DATASET EXCERPTS:

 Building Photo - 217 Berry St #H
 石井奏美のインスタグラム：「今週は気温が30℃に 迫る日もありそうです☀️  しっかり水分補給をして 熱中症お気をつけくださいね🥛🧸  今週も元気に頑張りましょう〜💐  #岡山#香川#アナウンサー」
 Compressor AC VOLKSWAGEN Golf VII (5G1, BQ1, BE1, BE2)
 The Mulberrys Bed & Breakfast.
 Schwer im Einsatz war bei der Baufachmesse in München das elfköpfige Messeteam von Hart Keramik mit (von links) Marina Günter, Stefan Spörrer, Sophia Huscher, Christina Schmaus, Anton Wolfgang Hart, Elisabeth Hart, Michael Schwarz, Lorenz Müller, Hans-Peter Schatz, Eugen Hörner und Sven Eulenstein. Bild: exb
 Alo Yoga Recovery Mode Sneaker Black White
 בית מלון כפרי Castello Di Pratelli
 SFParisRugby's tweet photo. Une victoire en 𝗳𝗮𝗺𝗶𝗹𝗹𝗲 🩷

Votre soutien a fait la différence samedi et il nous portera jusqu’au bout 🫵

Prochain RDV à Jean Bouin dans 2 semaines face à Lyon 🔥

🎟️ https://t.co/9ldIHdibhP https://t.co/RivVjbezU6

WHAT THE TASK REQUIRES:
Restate all the material above, keeping each word as it is.

SOLVED PROBLEM:
 Building Photo - 217 Berry St #H
 石井奏美のインスタグラム：「今週は気温が30℃に 迫る日もありそうです☀️  しっかり水分補給をして 熱中症お気をつけくださいね🥛🧸  今週も元気に頑張りましょう〜💐  #岡山#香川#アナウンサー」
 Compressor AC VOLKSWAGEN Golf VII (5G1, BQ1, BE1, BE2)
 The Mulberrys Bed & Breakfast.
 Schwer im Einsatz war bei der Baufachmesse in München das elfköpfige Messeteam von Hart Keramik mit (von links) Marina Günter, Stefan Spörrer, Sophia Huscher, Christina Schmaus, Anton Wolfgang Hart, Elisabeth Hart, Michael Schwarz, Lorenz Müller, Hans-Peter Schatz, Eugen Hörner und Sven Eulenstein. Bild: exb
 Alo Yoga Recovery Mode Sneaker Black White
 בית מלון כפרי Castello Di Pratelli
 SFParisRugby's tweet photo. Une victoire en 𝗳𝗮𝗺𝗶𝗹𝗹𝗲 🩷

Votre soutien a fait la différence samedi et il nous portera jusqu’au bout 🫵

Prochain RDV à Jean Bouin dans 2 semaines face à Lyon 🔥

🎟️ https://t.co/9ldIHdibhP https://t.co/RivVjbezU6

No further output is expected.